(Short web captions)
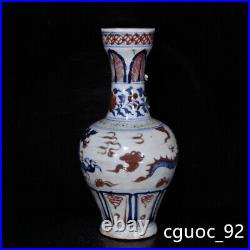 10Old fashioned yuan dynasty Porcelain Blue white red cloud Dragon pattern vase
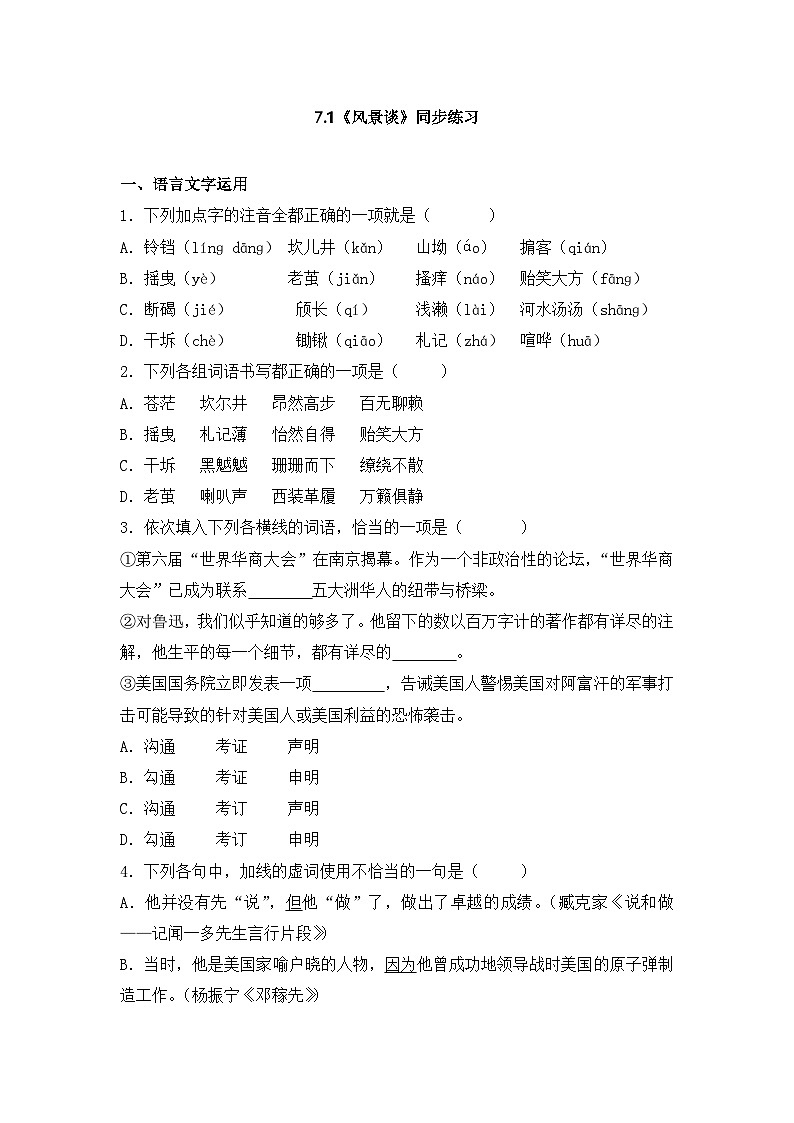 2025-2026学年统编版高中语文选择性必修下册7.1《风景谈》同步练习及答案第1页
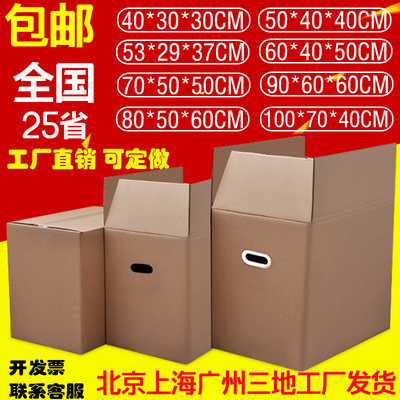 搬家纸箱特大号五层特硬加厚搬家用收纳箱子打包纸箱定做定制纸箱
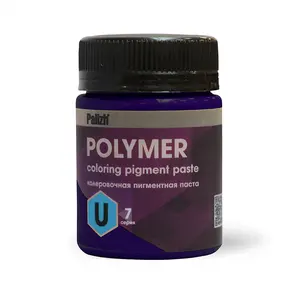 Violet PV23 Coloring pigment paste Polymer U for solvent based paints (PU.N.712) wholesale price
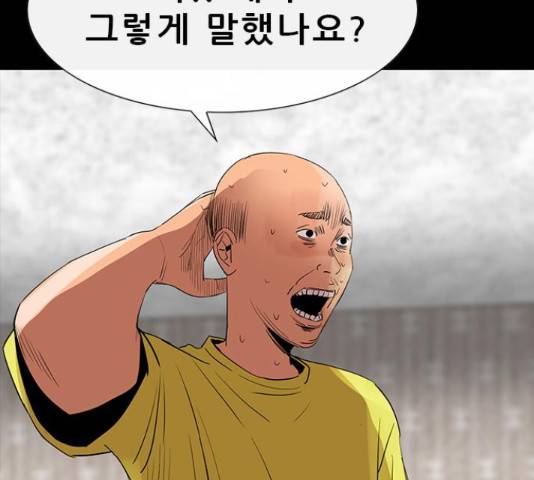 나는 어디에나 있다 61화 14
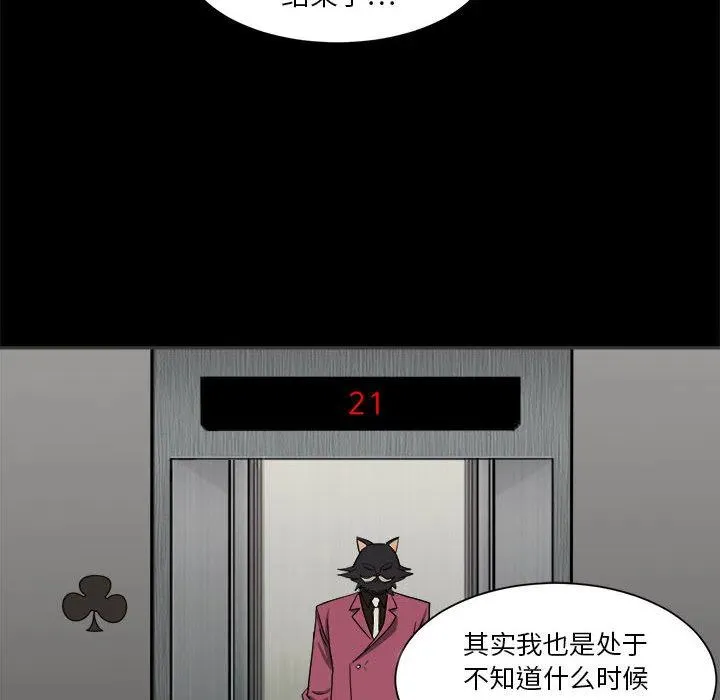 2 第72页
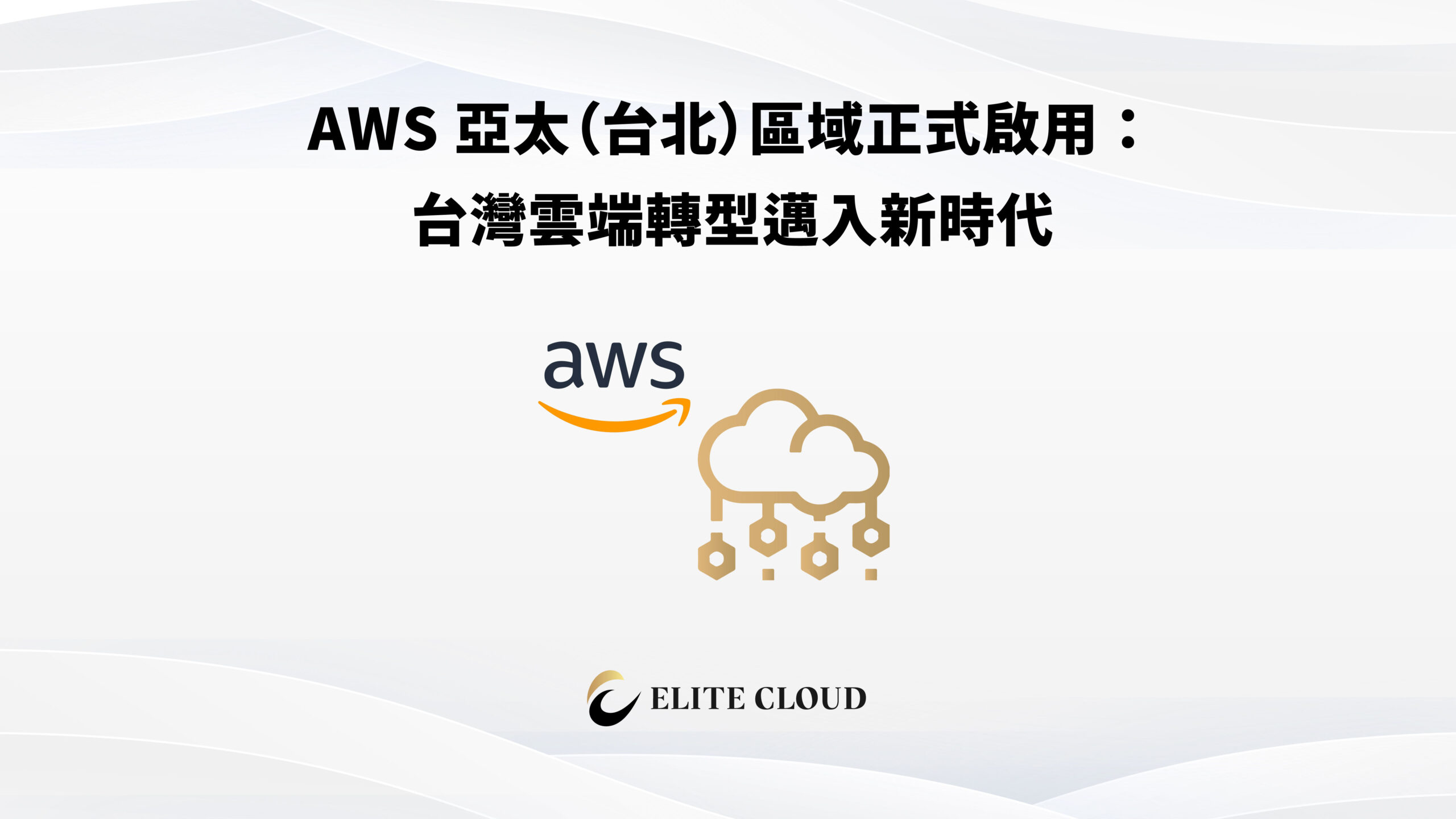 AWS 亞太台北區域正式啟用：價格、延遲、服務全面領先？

— Exercise goal —
Only the lines from the one with "Violet PV23 Coloring" through the final line of the data should be written out, exactly and including both ends. Skip the pictures.

— Finished exercise —
 Violet PV23 Coloring pigment paste Polymer U for solvent based paints (PU.N.712) wholesale price
 나는 어디에나 있다 61화 14
 2 第72页
 AWS 亞太台北區域正式啟用：價格、延遲、服務全面領先？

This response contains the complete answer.